It was one of those events that absolutely contributed to the collapse of the Soviet Union.
It's a sort of foundational event in the future independent Ukraine's sense of itself.
It had transformed itself, thinking about all the people who were affected by the disaster, and that was a lot of people, because thousands of people were displaced, for example.
I had not expected being in that destroyed museum to be quite so upsetting.
The museum director was standing in the middle of this collapsing, burnt out building, kind of clutching a brown painted earthenware jug with some patterning on it.
A traditional piece of ceramic from the region where Chernobyl is.
She was actually deeply in shock.
They reckon that they were able to save 40% of the artefacts on display.

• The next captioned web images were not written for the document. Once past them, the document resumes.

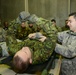 1-91 CAV and allied soldiers attend cold load training at Grafenwoehr, Germany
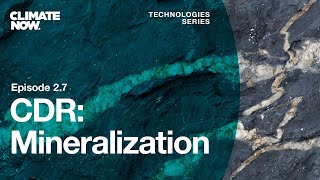 Download the video "Carbon Dioxide Removal: Mineralization | Climate Now Ep. 2.7"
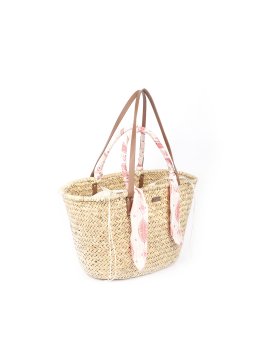 les tropeziennes AMO-TZ-01 sac panier amorgos corde m shopping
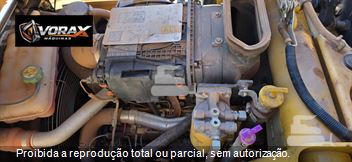 Retro Escavadeira Caterpillar 416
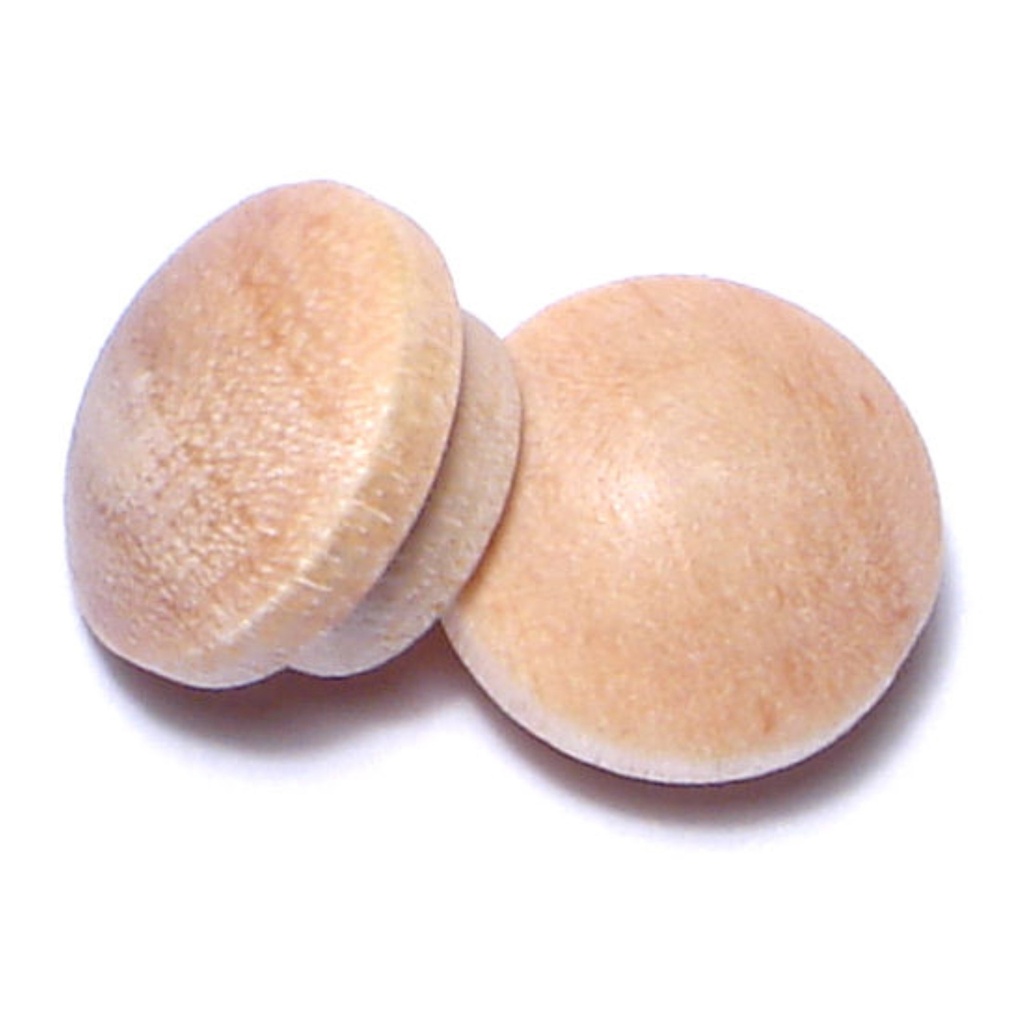 5/16 Scr Button Birch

Every time a museum artefact is destroyed, it means the loss of a singular object that holds memory and knowledge.
And once it's gone, it's gone.
I went for the first time in October 2022 in order to write what I imagined would be one article about the way artists were reflecting and documenting the war in their work.

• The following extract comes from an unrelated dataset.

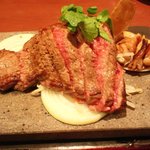 Wagyu steak daichi - イチボ単品１２０ｇ　１８９０円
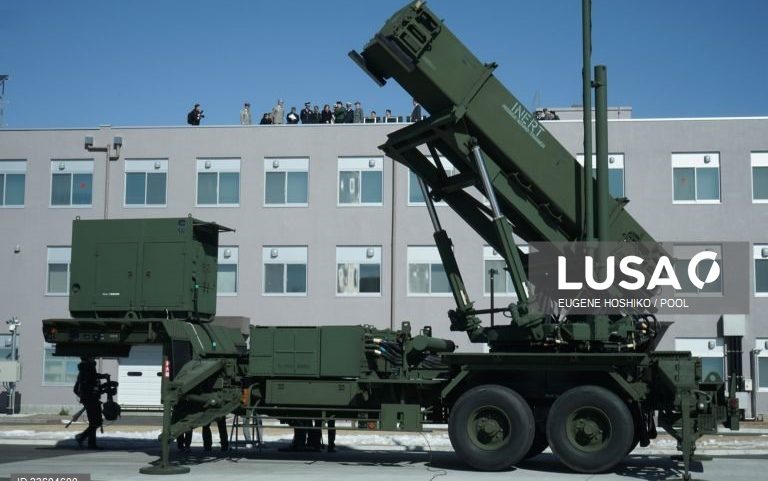 Kiev recebeu novo carregamento de mísseis Patriot alemães - Zelensky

Because I had a conviction that artists would be responding to the war in a way that would likely be...
more interesting and more revealing than the work of even our dear colleagues, journalists and government reports, surely not, and politicians.
And this was going to be a super interesting aspect of the war to try to cover.
People are writing extraordinary poetry.
There are amazing plays being written.
People are making tremendous art.
all of which I'm sure is going to shape the way this war is remembered.
And the stakes are extraordinarily high.